Le service domestique se faisait comme à l’ordinaire ; quant au service militaire, il y avait cette différence que le commandant-général donnait le mot de l’ordre, sans l’avoir pris du roi. Les portes et les cours du jardin étaient fermées ; mais Lafayette avait prié la famille royale de lui communiquer la liste de tous ceux dont elle souhaitait l’admission au château. Cette liste était très nombreuse, et composée de personnes pour la plupart fort opposées à la révolution. Un certain nombre d’officiers se tenaient dans une pièce entre les salles ordinaires des gardes et les chambres du roi et de la reine, où les étrangers n’entraient qu’en traversant cette petite garde ; la famille royale pouvait éviter une semblable gêne par une communication directe entre ses appartemens[15]. Le roi exprima, lorsqu’il fut remis en liberté, sa satisfaction aux officiers de la garde intérieure ; l’un d’eux, M. Guingelo, commandant de bataillon, s’est fait tuer, le 10 août 1792, pour le défendre. Cet état de choses dura jusqu’à l’achèvement de la constitution[16].

Dès le premier jour, l’assemblée avait nommé des commissaires pour faire au roi une suite de questions ; ce furent MM. d’André, Tronchet et Duport.

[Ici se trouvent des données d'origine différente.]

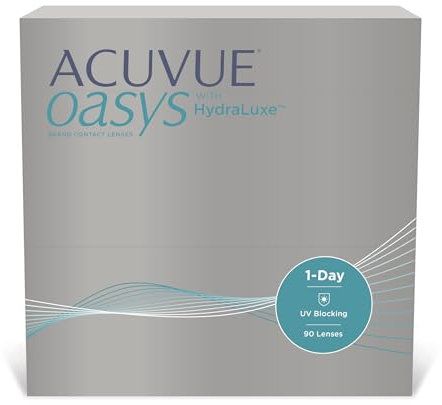 ACUVUE OASYS 1-Day con tecnologia HydraLuxe, Lenti a contatto giornaliere; Visione chiara e nitida e comfort elevato; Protezione UV;-3.75 diottrie; BC 9.0; DIA 14.30; 90 lenti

Ils se conduisirent, non seulement avec respect, mais avec une grande bienveillance, et pour n’en donner qu’une preuve, ils remirent au lendemain la conversation avec la reine, pour lui donner le temps de concerter avec le roi des réponses conformes à celles qu’il avait faites[17].

Le fait est que la presque totalité de l’assemblée ne voulait pas le complément de la république, c’est-à-dire un changement de formes dans le pouvoir exécutif ; car tout, excepté ce point, était républicain dans la constitution de 91. Il y avait quelques républicains dans l’assemblée : ils pouvaient être divisés en républicains politiques et républicains anarchistes ; mais il y en avait tout au plus cinq ou six de chaque espèce, et il paraît que les premiers, après avoir tâté l’opinion publique, se rattachèrent franchement à la volonté nationale, qui était de rétablir le trône constitutionnel[18].

M. de Bouillé avait écrit de Luxembourg, à l’assemblée, une lettre violente où il dénonçait Lafayette comme étant à la tête d’un parti républicain pour renverser la constitution.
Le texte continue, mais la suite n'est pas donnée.